**Task instructions**
Retype, word for word, the lines from the first line of the entries through the line that holds "PPC Shortcut in"; leave out the pictures.

##### Records for this task

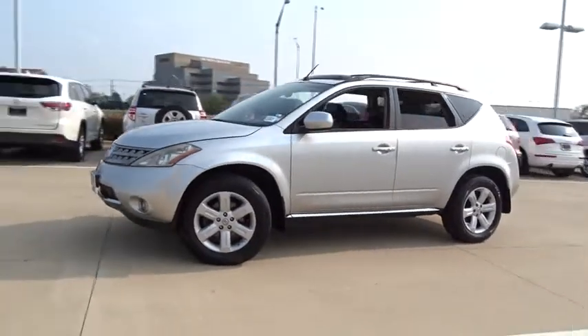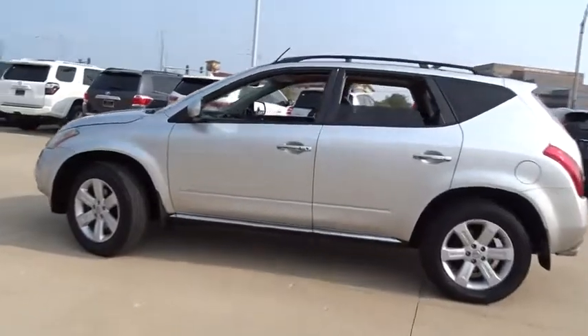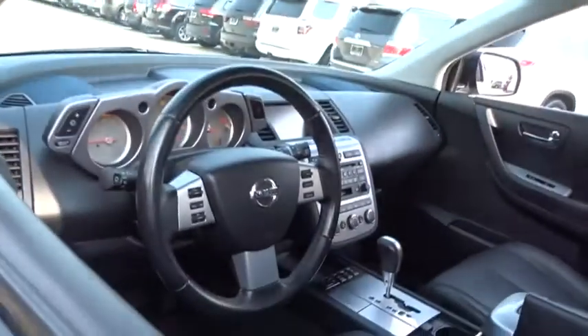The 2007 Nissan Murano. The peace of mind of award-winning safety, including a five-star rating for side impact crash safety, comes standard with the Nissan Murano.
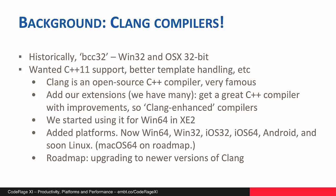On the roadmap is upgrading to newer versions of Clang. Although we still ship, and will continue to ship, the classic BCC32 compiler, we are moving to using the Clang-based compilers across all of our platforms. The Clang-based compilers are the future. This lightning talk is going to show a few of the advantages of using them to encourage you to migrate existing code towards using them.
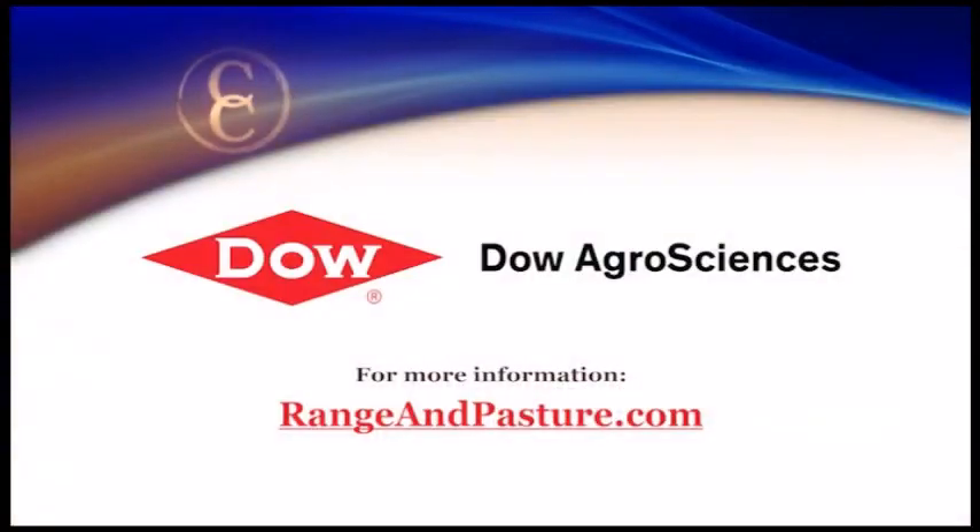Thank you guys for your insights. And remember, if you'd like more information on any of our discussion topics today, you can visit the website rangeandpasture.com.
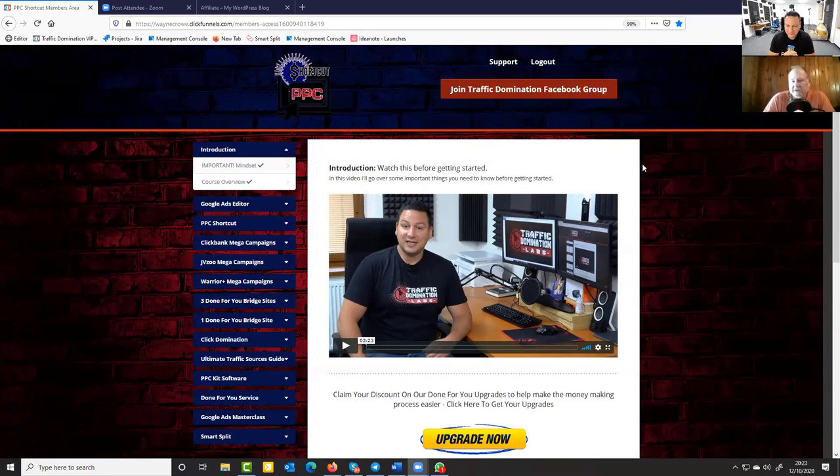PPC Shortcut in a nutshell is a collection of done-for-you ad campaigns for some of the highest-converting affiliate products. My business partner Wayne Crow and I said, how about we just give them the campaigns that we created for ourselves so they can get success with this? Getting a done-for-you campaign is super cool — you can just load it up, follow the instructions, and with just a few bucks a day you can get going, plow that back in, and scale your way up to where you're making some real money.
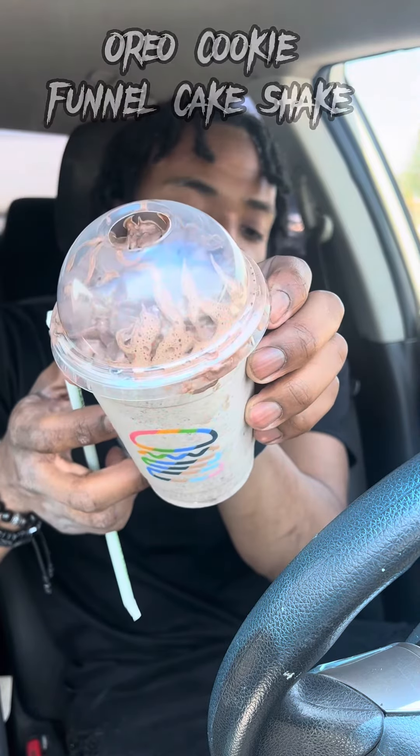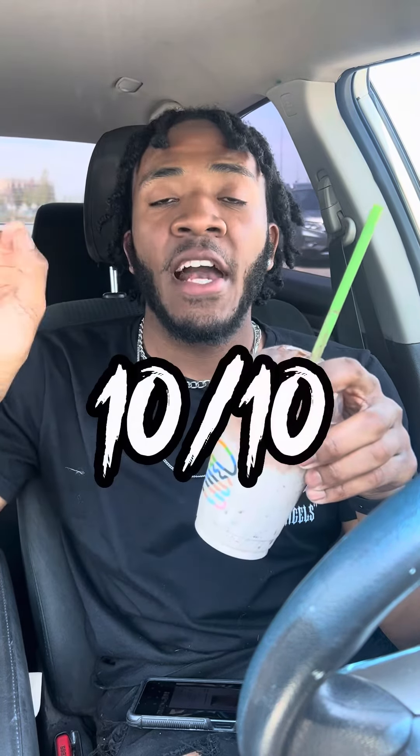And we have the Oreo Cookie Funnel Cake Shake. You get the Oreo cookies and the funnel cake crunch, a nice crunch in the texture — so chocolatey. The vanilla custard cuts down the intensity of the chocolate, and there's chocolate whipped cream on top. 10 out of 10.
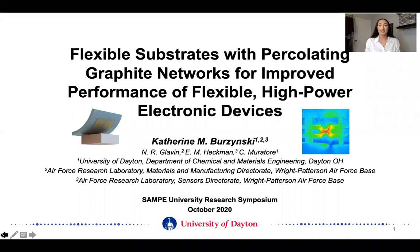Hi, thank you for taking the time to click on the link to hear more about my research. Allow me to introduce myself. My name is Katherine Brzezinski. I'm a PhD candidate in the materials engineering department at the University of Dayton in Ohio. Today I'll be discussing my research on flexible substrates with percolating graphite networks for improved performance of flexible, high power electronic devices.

##########

**Exercise response**
The 2007 Nissan Murano. The peace of mind of award-winning safety, including a five-star rating for side impact crash safety, comes standard with the Nissan Murano.
On the roadmap is upgrading to newer versions of Clang. Although we still ship, and will continue to ship, the classic BCC32 compiler, we are moving to using the Clang-based compilers across all of our platforms. The Clang-based compilers are the future. This lightning talk is going to show a few of the advantages of using them to encourage you to migrate existing code towards using them.
Thank you guys for your insights. And remember, if you'd like more information on any of our discussion topics today, you can visit the website rangeandpasture.com.
PPC Shortcut in a nutshell is a collection of done-for-you ad campaigns for some of the highest-converting affiliate products. My business partner Wayne Crow and I said, how about we just give them the campaigns that we created for ourselves so they can get success with this? Getting a done-for-you campaign is super cool — you can just load it up, follow the instructions, and with just a few bucks a day you can get going, plow that back in, and scale your way up to where you're making some real money.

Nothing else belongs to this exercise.